NAFA member Tripp Thurston, Chief Operating Officer at FLYING Finance, shares his latest article.
The business jet is the tool. The second hangar is the reason they learned to fly in the first place.
The longer I am in aviation, the more I find two hangar pilots. These are the ones that have the business jet on limited charter with the management company, and a second hangar at the local airstrip. It is the second hangar that catches my attention, because it is the aircraft in that second hangar that sparks the eye twinkling smiles and the rascally grins. The second hangar is not always as brightly lit or even as big, but it is where you find the aircraft the owner actually loves to fly: a Carbon Cub FX-3 and an RV-14 he built during the pandemic.
This is not an unusual story anymore. It is a generation.
The Aircraft You Show Off and the One You Actually Fly
There is a class of pilot — successful, accomplished, the kind whose company uses the jet for legitimate business travel — who keeps a second aircraft that no flight department will touch, that no scheduler will log, that exists entirely outside the operational framework of the primary aviation asset. It is the aircraft they fly when the office is not calling.

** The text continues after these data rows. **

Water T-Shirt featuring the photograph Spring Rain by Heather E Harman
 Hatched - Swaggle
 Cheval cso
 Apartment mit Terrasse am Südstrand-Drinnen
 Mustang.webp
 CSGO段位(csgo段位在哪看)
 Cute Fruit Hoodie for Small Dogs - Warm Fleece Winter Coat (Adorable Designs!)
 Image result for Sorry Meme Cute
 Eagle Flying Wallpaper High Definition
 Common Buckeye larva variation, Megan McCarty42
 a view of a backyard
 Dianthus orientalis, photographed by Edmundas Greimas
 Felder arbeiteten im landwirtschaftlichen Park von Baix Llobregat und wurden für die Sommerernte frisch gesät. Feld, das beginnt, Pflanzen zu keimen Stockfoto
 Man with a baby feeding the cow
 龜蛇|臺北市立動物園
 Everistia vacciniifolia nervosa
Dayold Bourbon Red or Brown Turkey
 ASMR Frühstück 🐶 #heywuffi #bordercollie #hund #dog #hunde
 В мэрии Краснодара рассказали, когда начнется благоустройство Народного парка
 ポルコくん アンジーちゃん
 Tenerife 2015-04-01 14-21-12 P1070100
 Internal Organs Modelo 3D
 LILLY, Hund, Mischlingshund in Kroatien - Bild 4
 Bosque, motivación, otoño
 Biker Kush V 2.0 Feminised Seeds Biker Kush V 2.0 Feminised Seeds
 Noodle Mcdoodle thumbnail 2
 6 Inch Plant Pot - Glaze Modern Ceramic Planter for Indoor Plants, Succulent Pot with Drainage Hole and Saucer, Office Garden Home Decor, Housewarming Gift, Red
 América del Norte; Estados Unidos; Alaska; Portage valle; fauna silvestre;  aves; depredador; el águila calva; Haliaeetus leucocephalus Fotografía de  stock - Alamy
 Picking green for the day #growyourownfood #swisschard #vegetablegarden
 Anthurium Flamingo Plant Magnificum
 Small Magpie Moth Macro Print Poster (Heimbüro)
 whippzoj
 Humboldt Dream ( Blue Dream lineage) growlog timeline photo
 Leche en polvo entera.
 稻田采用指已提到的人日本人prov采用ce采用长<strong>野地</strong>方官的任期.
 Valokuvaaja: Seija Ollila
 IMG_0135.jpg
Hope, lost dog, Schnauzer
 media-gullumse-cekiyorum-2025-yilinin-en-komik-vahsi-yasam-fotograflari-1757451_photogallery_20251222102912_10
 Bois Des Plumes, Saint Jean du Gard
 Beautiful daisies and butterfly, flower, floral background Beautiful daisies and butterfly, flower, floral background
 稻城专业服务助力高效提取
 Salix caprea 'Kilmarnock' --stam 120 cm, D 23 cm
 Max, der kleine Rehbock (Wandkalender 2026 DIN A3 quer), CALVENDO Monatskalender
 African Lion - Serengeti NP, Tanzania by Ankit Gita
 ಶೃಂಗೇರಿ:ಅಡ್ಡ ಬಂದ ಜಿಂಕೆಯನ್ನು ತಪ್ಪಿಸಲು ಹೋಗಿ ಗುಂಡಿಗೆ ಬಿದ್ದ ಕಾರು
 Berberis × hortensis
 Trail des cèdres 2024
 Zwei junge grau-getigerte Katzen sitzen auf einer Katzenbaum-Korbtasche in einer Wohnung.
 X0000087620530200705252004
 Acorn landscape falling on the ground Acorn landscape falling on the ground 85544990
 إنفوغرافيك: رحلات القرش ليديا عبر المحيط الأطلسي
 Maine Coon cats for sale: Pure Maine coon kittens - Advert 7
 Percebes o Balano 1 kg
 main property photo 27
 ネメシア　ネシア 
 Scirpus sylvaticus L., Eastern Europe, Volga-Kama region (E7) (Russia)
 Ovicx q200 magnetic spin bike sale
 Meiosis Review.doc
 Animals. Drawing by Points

Sometimes it is a Carbon Cub fully optioned north of $400,000. Sometimes it is an SR22 left over from before the company grew to the point where a Pilatus, EPIC or Citation made more sense. Sometimes it is a Van’s RV-14 that lives in a T-hangar at a grass strip forty minutes from home. Sometimes it is a restored Bonanza that belonged to a grandfather.
What unifies them is not the aircraft type. It is what the aircraft represents. The jet is the tool. The other one is the reason they learned to fly in the first place. Welcome back to FLYING.